While attempting to isolate the problem I turned off DKIM signature verification ($enable_dkim_verification = 0;) as it seemed that all problematic emails had DKIM but this did not alleviate the issue. 

For example I’d see entries like:

dkim_sd=20200929:example.net, 300330 ms

but then an _identical_ email (sent to a different address) would have:

dkim_sd=20200929:example.net, 8746 ms

which is a far more reasonable time. After turning off DKIM verification I then tried reducing the lifetime of the amavis processes with:

$max_requests = 5;            # num of requests before we reap a child

I’ve seen entries up to 30 minutes (i.e. 1738400 ms).

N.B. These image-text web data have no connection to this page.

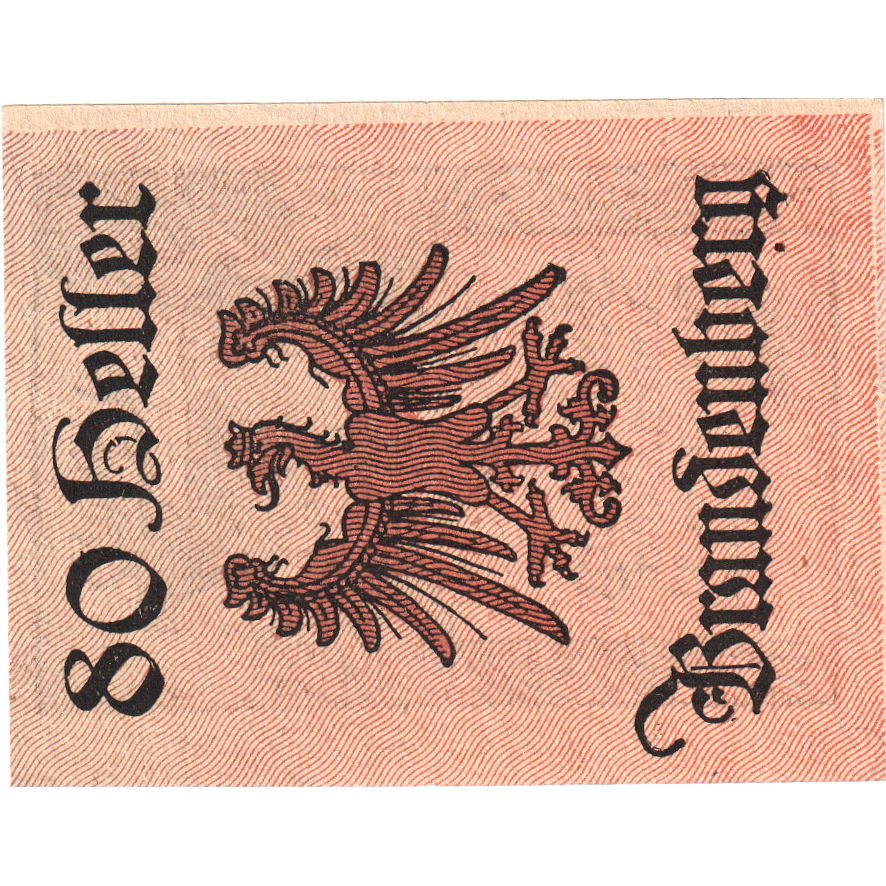 Austria, Brandenberg, 80 Heller, 1920-12-31, SPL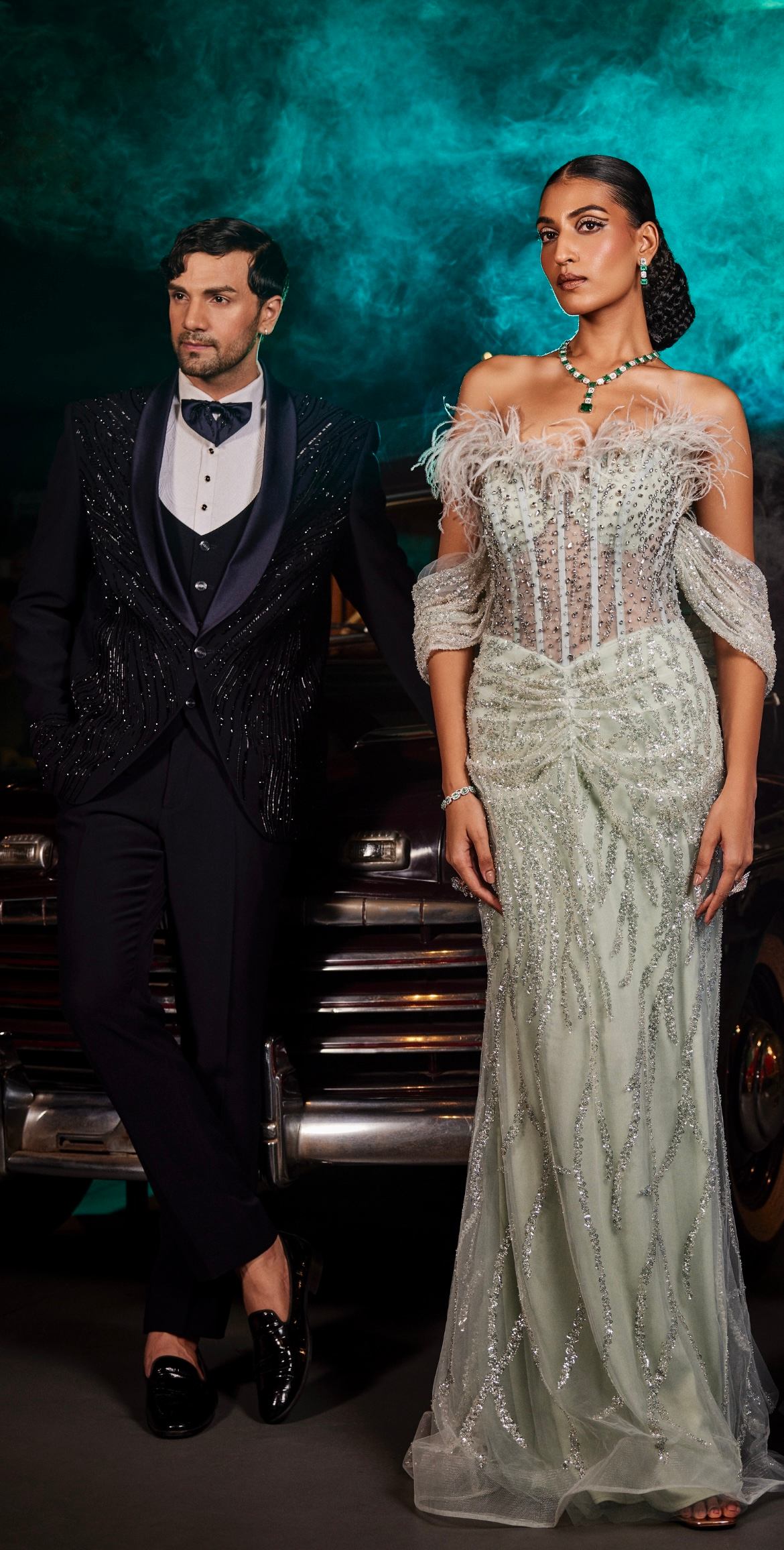 Mint Green Corset Gown
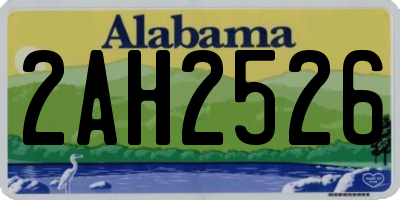 AL license plate 2AH2526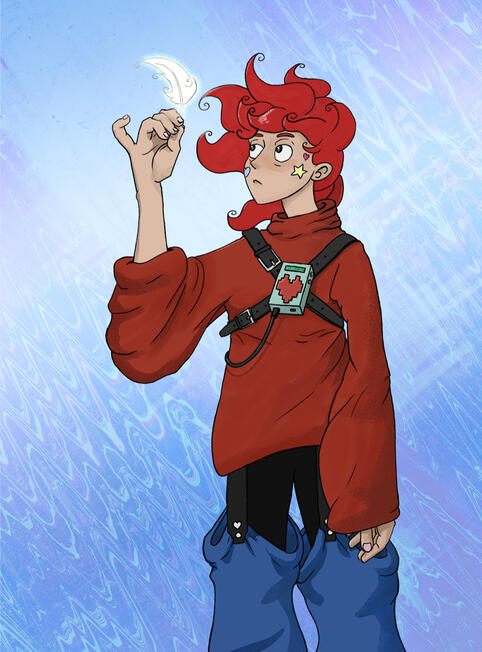 Alain Character Design | Digital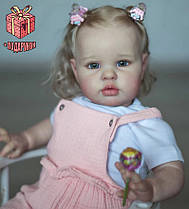 Лялька реборн дівчинка, приголомшлива бешкетна крихітка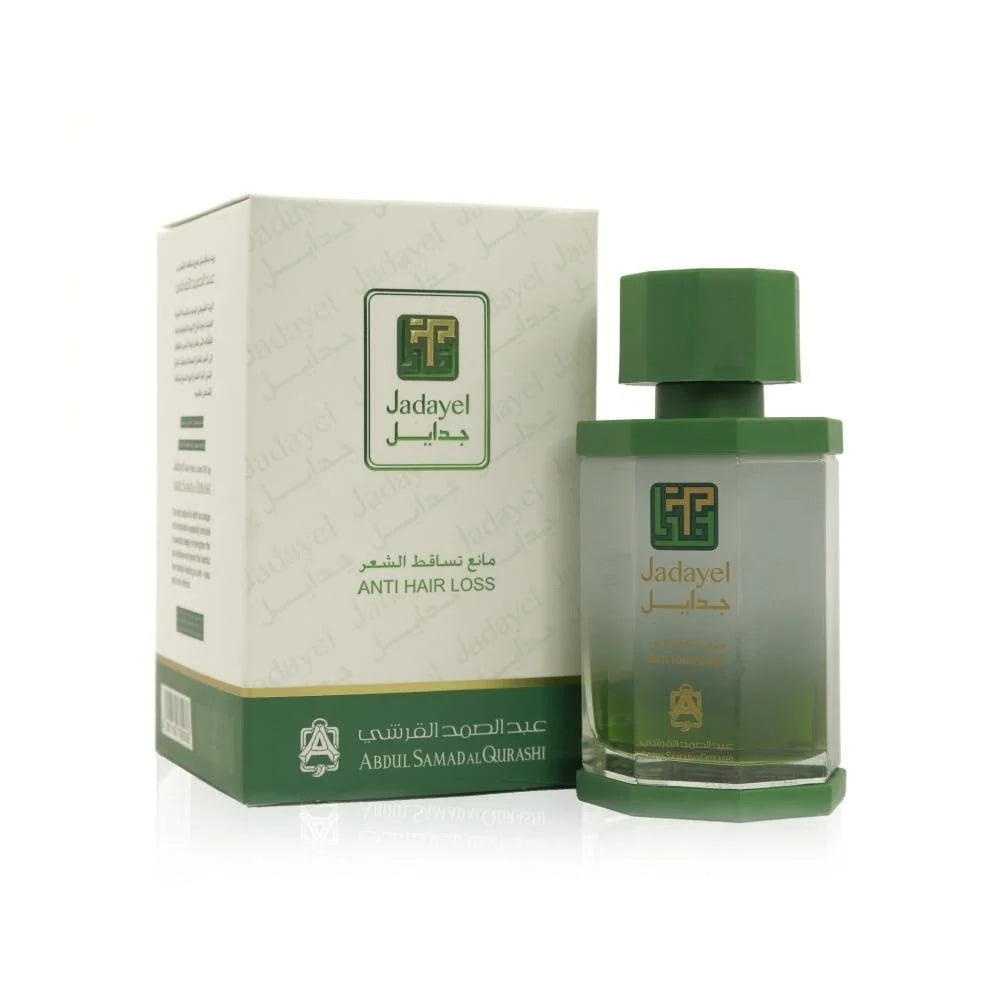 Green Jadavel perfume bottle and packaging on a white background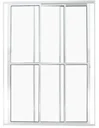 Ver imagem 1 de Porta de Aluminio Sacada 3 Folhas Móveis com Trinco Linha Leve:branco/2,10 X 1,20
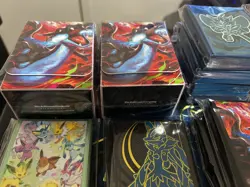Mega Charizard UPC Card Sleeves Storage Prismatic Black Bolt White Flare + Lot - Image 2
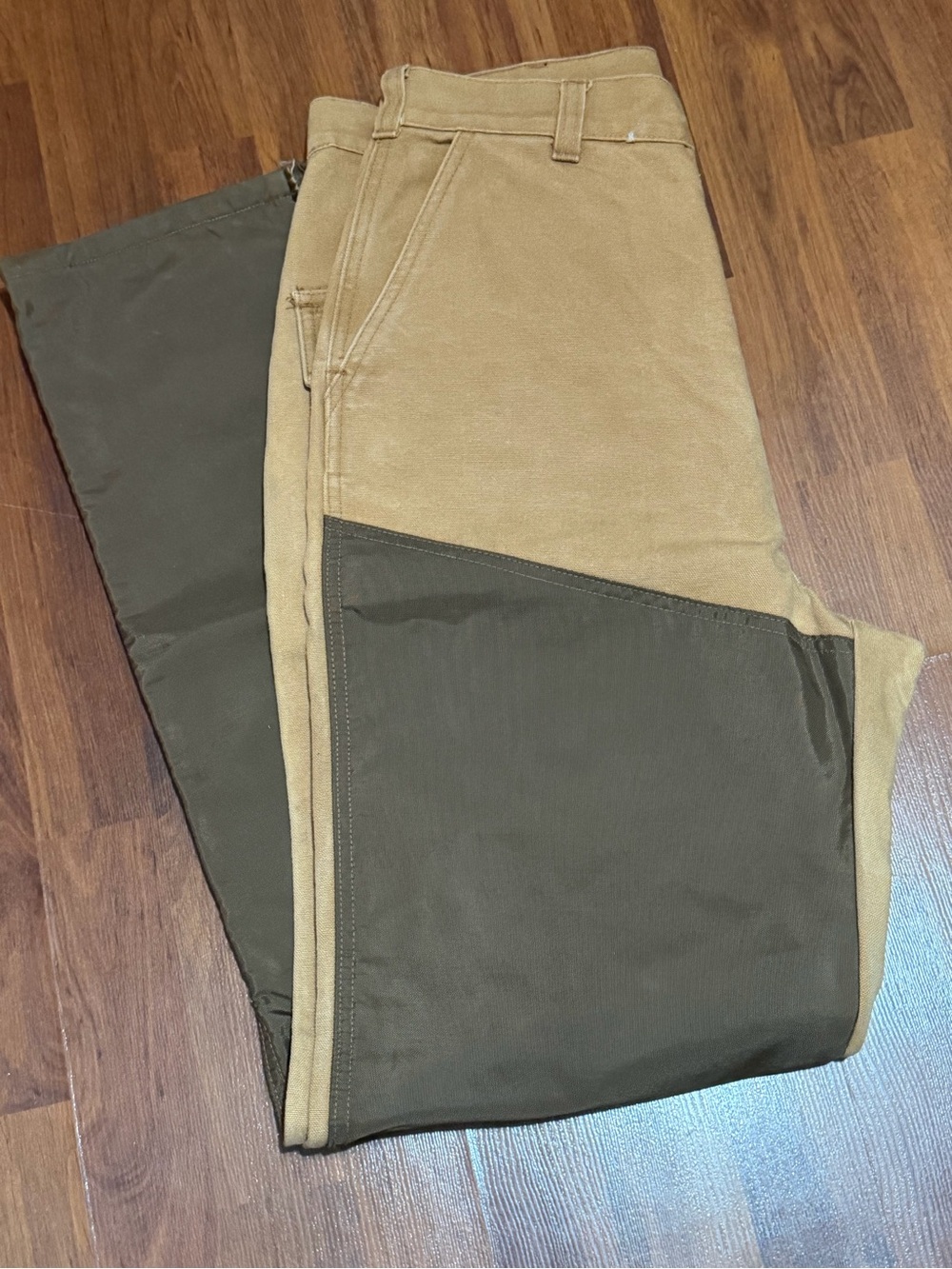 Men's Walls Hunting/BrushTwo-Tone Pants - Brown/Olive Heavy Duty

The only thing which comes to mind is that I automatically update SpamAssassin on a nightly basis using sa-update and, perhaps, a SpamAssassin update now has a test which suddenly takes a very large amount of time.

NOTE: all the other perl processes (i.e. 9/10) continue processing email efficiently and fast without any problem whatsoever.

I was wondering if anyone is seeing similar behaviour or has any recommendations to debug this further.

Currently, I am sorry to admit, I have set up a job which kills the relevant perl process if it has been hogging the CPU for longer than 5 minutes… yes, it is a horrible hack, but it keeps mail flowing…

Cheers,

Arrigo